One interesting observation on surround sound is how its use has settled over the decades as musicians, producers and music listeners work out the capabilities, strengths and weaknesses of making music in surround sound.
When stereo was first invented, the pioneering record producers, such as George Martin with the Beatles, took full advantage of the new format and hard panned various instruments, drums and voices to create a novel and exciting listening experience.
With time, however, a convention has evolved where by now most modern recordings pan the key elements dead centre - bass, kick, vocals etc - then create a stereo image with the remaining instruments. This gives a more solid and powerful sound and makes music more compatible with less-than-ideal listening conditions. Anybody who has sat in a pub listening to a Beatles album, only able to hear half the band through the one speaker that’s nearby will know about that.
The same has happened to surround sound over time, though the convention is less strictly adhered to than a standard stereo image.
Early surround recordings experimented with putting the listener in the middle of the sound stage and panning different instruments all around.

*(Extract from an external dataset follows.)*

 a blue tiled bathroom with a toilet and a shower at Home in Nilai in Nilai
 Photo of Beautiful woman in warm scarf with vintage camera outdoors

This can sound fantastic if you’re sitting in the correct place, are playing it loud and concentrating solely on the music, however if you just want some background music then instruments popping up all around your living room doesn’t always work.
Surround mixes have found some kind of equilibrium too, with vocals sent to the centre channel or in mono across all three front channels and the rear channels are now used more frequently for ambience and quieter sound than horn sections, guitars and backing vocals.
Classical recordings can make impressive use of surround sound by having the sound stage of the orchestra spread across the front channels and the surround channels recreating the ambience of the concert hall.